Post-editing MT that's technically correct but stylistically wrong takes just as long as translating from scratch.
When Flixu generates a draft, it applies your client's Glossary and Brand Voice before the first word is produced. You're reviewing output that already knows the client's approved terminology and tone — not fixing output that had no context to begin with.
Flixu generates translation drafts with your client's Glossary, Translation Memory, and Brand Voice already loaded — before the language model processes a single string. You review output that reflects the client's approved style and terminology from the first sentence, rather than fixing output that missed those constraints entirely.
The post-editing promise didn't work out the way it was supposed to.

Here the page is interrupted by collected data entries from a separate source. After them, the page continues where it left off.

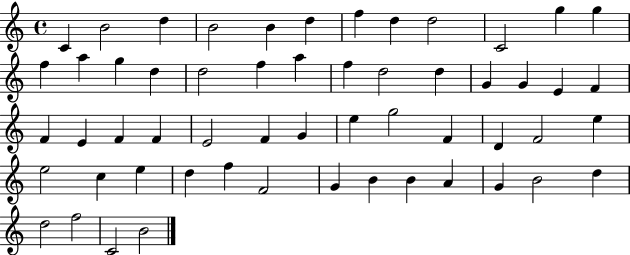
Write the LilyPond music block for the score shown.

{
  \clef treble
  \time 4/4
  \defaultTimeSignature
  \key c \major
  c'4 b'2 d''4 | b'2 b'4 d''4 | f''4 d''4 d''2 | c'2 g''4 g''4 | \break f''4 a''4 g''4 d''4 | d''2 f''4 a''4 | f''4 d''2 d''4 | g'4 g'4 e'4 f'4 | \break f'4 e'4 f'4 f'4 | e'2 f'4 g'4 | e''4 g''2 f'4 | d'4 f'2 e''4 | \break e''2 c''4 e''4 | d''4 f''4 f'2 | g'4 b'4 b'4 a'4 | g'4 b'2 d''4 | \break d''2 f''2 | c'2 b'2 | \bar "|."
}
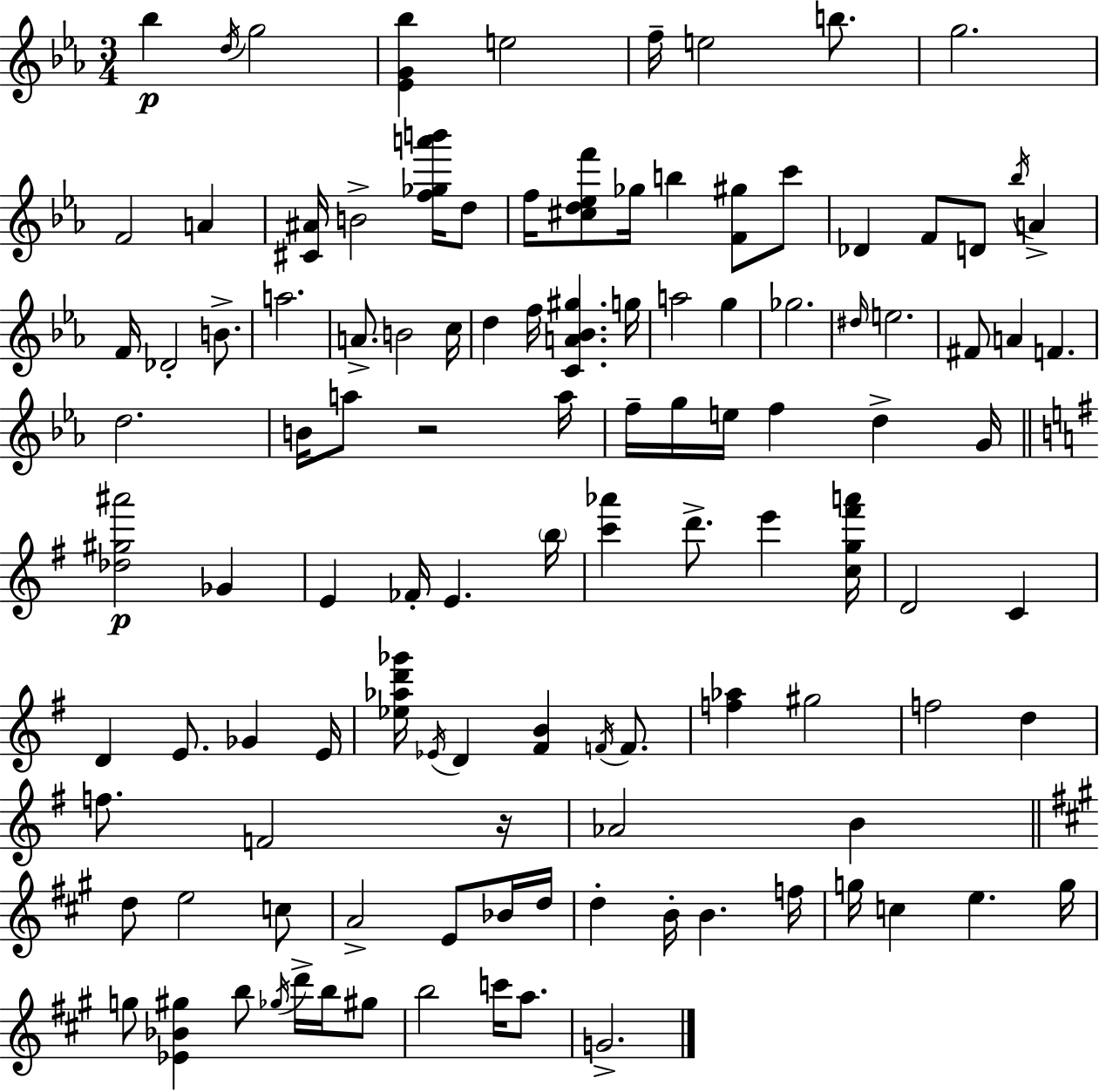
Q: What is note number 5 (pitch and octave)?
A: F5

The expectation was reasonable: AI translates 80%, a human corrects 20%. The reality is more frustrating than that. When a generic MT engine produces output that's grammatically accurate but completely wrong for the client's brand — formal where the brief said casual, "Bildschirm" where the style guide specified "Monitor," "Nutzer" where the client uses "Kunde" throughout — fixing it takes longer than starting over. The AI saved no time; it just moved the work.
The problem isn't the translator. It's that generic MT has no knowledge of this client. It doesn't know that "Dashboard" should stay untranslated in German, that the register is casual du not formal Sie, or that the client's style guide uses ten specific phrases that must appear verbatim. That context doesn't exist anywhere in the pipeline — so the output is missing it, and the post-editor has to supply it by hand.
From the community:
"Post-editing MT takes just as long as translating from scratch if the output is bad."
"I'd rather translate from scratch than spend two hours fixing terminology errors that a properly configured glossary would have prevented."
"The AI is fast. The post-editing isn't. The net time saving is close to zero."
The fix isn't a faster MT engine. It's a pipeline that loads the client context before generating anything.
Your client's glossary is enforced before the first word is generated.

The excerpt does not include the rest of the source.